** This topic is intended to be a refresher for all of us when we need a quick review for MPLS **
Recommended Readings MPLS Summary
## Acronyms For MPLS ##
1. LSR [Label Switch Router]: router that support MPLS
2. Ingress LSR: first hop PE, takes an IP packet and imposes a new label and forwards the packet.
3. Intermediate LSR: P router that SWAPS MPLS labels and forwards to next LSR
4. Egress LSR: last hop PE, POPS labels and forwards IP packet
5. LSP [Label Switched Path]: its unidirectional data plane for a labeled packet through the LSRs
6. Downstream/Data plane: the transit path to the network you are trying to reach.
7. Upstream/Control plane: it begins at the network that is being advertised, LDP is used to advertise labels.
## Overview ##
Quoted from MPLS Summary
1. MPLS stands for Multi-Protocol Label switching.
2. It defines a mechanism for the packet forwarding in the network routers.
3.It was originally developed to provide faster packet forwarding than traditional IP routing.
4. The flexibility of MPLS has led to it becoming the default way for modern networks to achieve Quality of Service (QoS), next generation VPN services, and optical signaling.

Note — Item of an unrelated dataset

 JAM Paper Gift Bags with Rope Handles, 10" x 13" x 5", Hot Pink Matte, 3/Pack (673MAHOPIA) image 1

5. MPLS also uses IP addresses, either v4 or v6, to identify end points and intermediate switches and routers. This makes MPLS networks IP-compatible and easily integrated with traditional IP networks. However, unlike traditional IP, MPLS flows are connection-oriented and packets are routed along pre-configured Label Switched Paths (LSPs).
6. MPLS defines only the forwarding mechanism; it uses other protocols to establish the LSPs. Two separate protocols are needed to perform this task: a routing protocol (ISIS, OSPF) and a signaling protocol (LDP, TDP).
## MPLS Basics ##
1. Forwarding packets:
1.1. IP routers forward packets based on IP packet header, CEF and FIB table
1.2. MPLS routers forward packets based on MPLS labels and LFIB table
2. IP packet Switching
2.1. Process switching: look up every packet to decide a forwarding
2.2. Cache based switching: first packet is process witched and the info is cached for future packets in the flow.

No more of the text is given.